(Input material Opens)

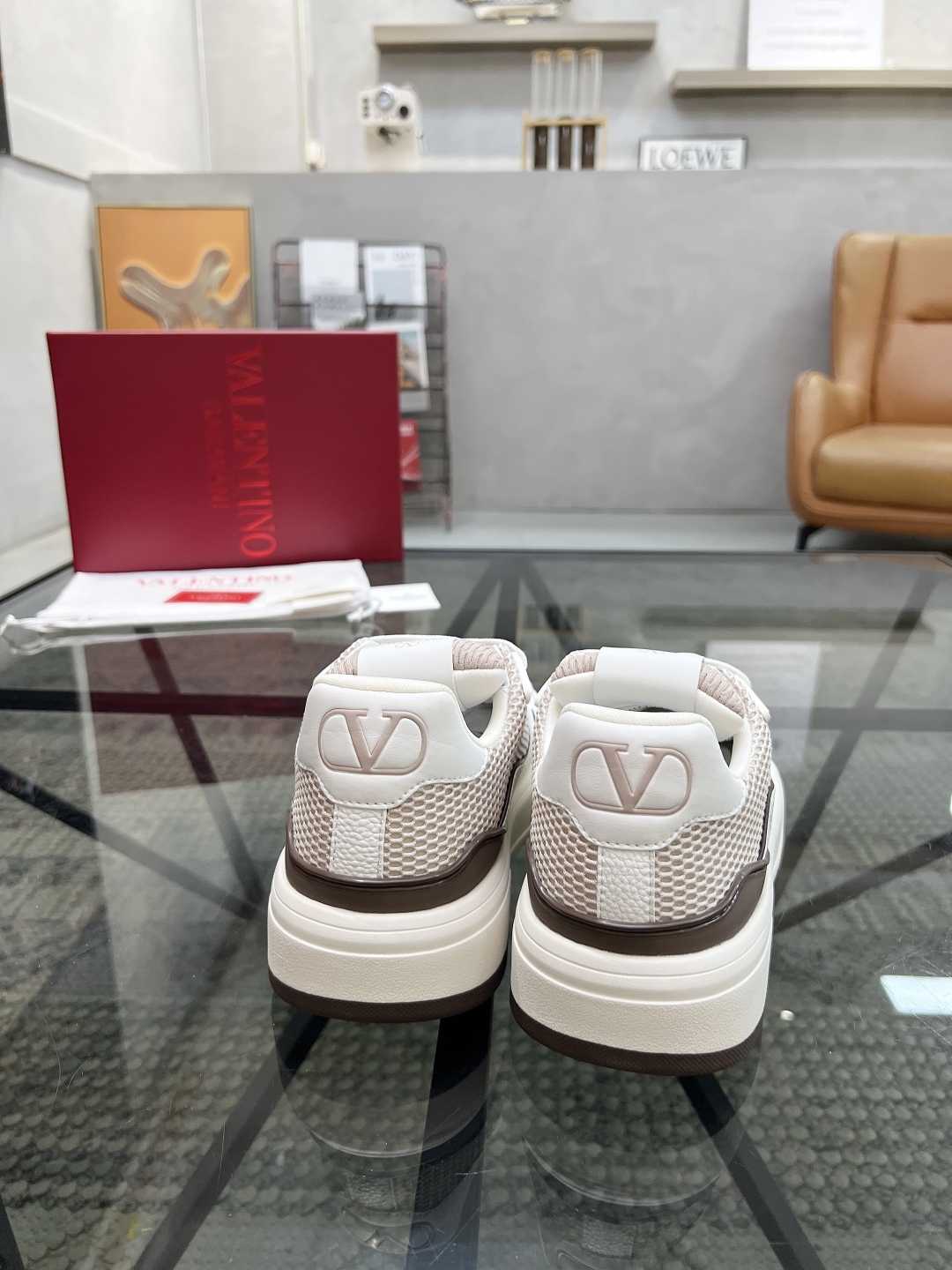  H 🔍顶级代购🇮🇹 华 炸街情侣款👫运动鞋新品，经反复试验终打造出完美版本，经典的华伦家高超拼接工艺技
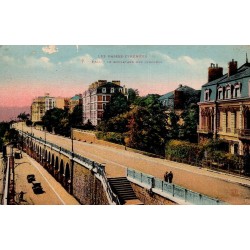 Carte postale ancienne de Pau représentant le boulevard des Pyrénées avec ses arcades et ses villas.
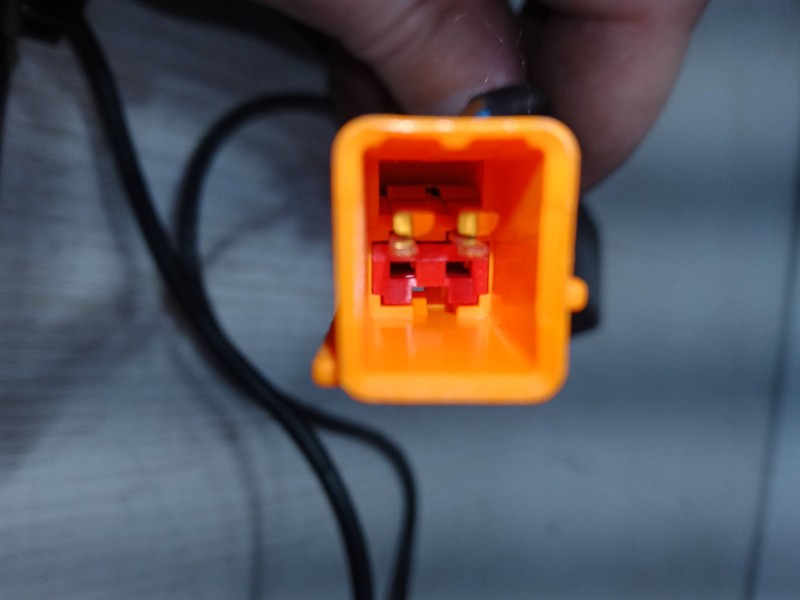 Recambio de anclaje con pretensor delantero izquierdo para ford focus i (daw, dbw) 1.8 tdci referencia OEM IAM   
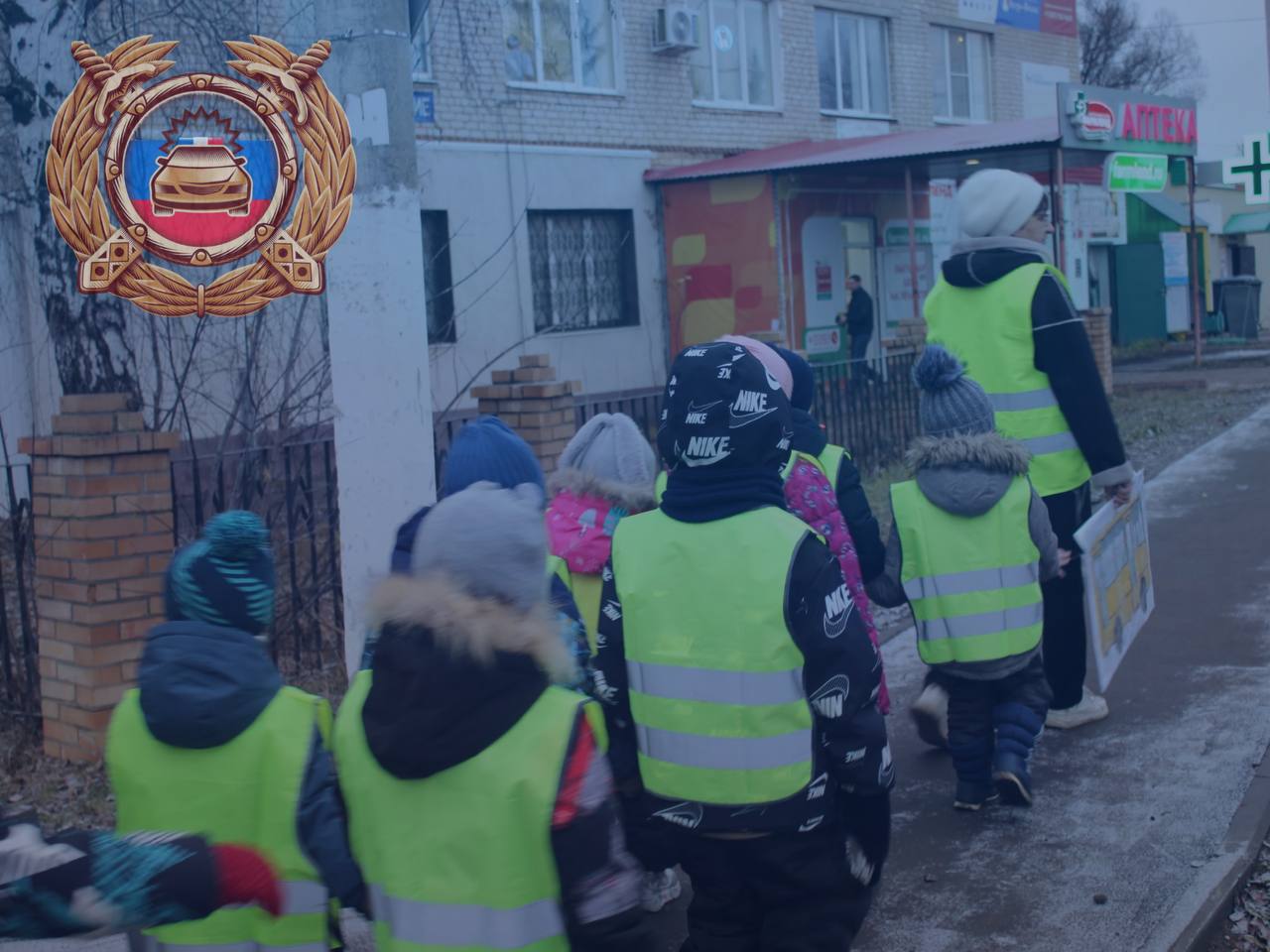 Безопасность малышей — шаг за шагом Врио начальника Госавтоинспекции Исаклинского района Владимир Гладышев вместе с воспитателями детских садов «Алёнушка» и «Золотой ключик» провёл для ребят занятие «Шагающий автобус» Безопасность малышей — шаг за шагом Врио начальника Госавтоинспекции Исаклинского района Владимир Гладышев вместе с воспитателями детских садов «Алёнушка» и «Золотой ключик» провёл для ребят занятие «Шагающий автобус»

(Input material Closes)
(Input material Opens)

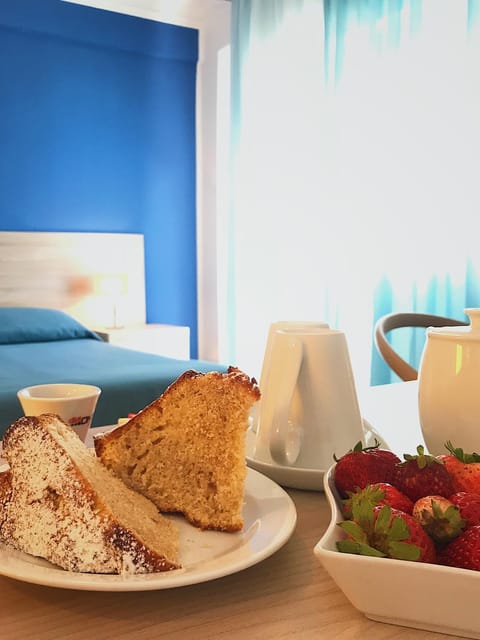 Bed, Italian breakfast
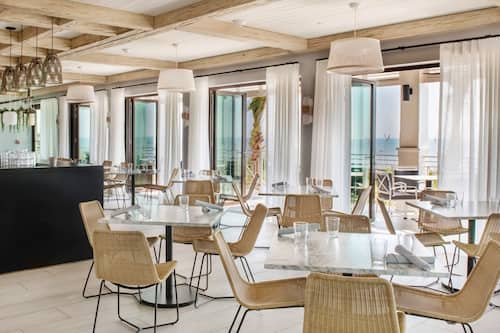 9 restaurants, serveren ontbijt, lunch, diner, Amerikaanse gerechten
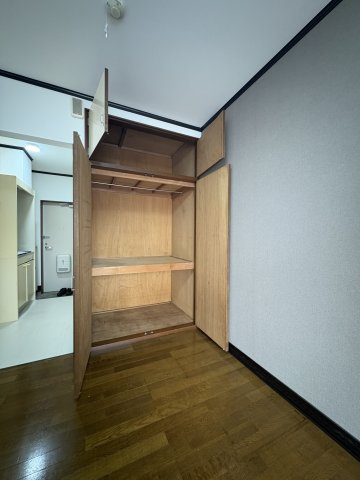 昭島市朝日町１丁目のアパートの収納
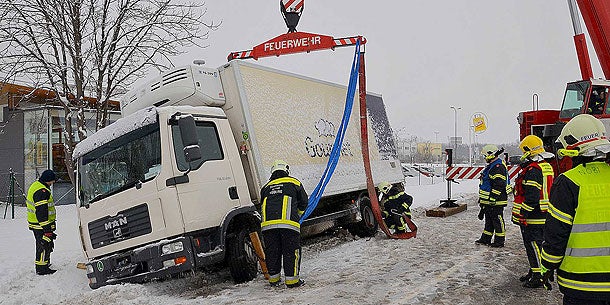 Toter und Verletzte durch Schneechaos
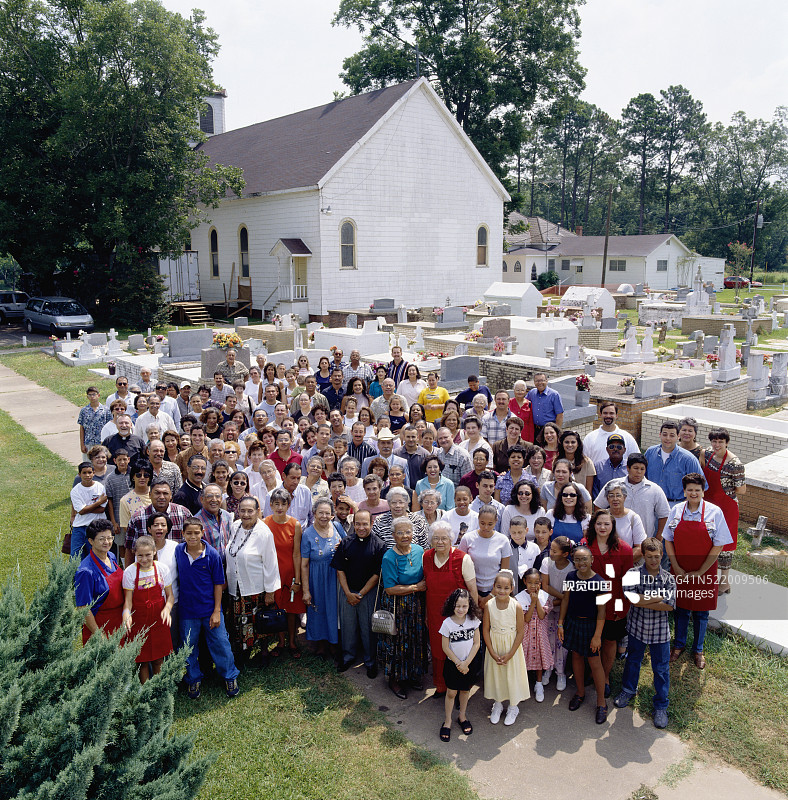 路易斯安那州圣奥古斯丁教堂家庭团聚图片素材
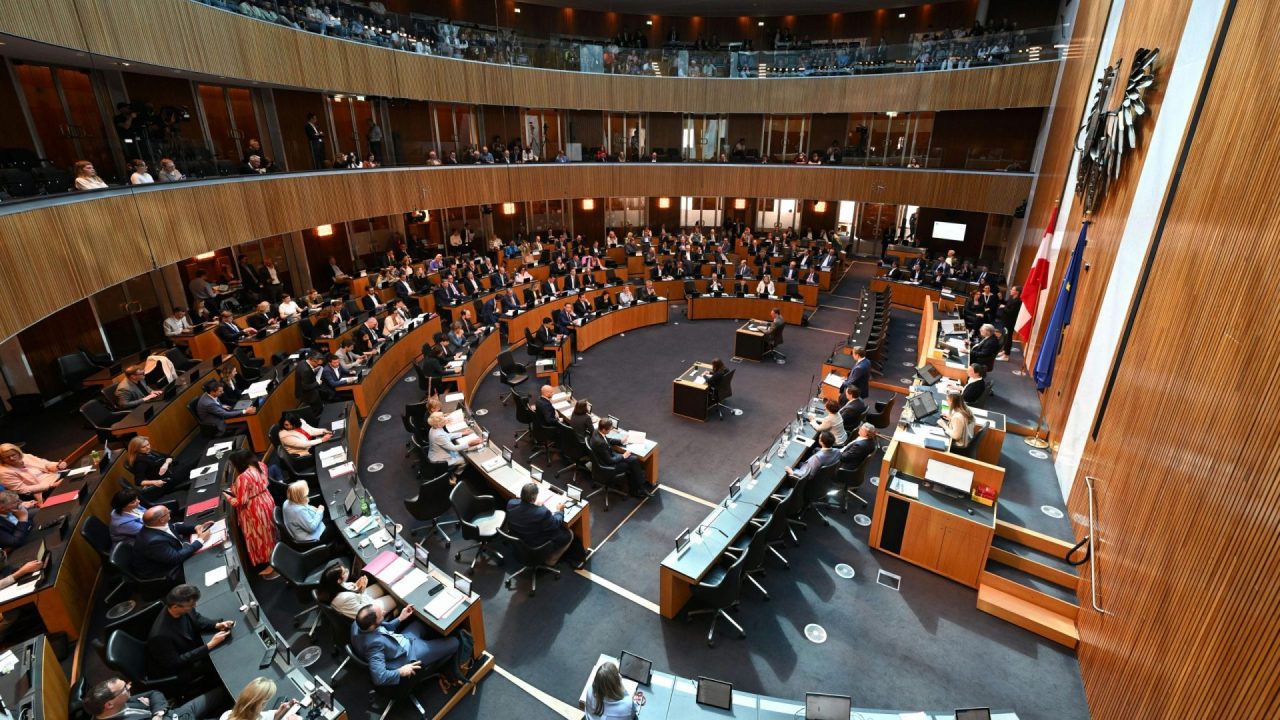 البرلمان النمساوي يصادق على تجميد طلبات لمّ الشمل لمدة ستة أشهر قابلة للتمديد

(Input material Closes)

#### What you need to do:
In the entries above, find the line containing "路易斯安那州圣奥古斯丁教堂家庭团聚图片素材" and the line containing "البرلمان النمساوي يصادق"; give again exactly those two lines and every line between them, minus the pictures.

#### Answer for this exercise:
 路易斯安那州圣奥古斯丁教堂家庭团聚图片素材
 البرلمان النمساوي يصادق على تجميد طلبات لمّ الشمل لمدة ستة أشهر قابلة للتمديد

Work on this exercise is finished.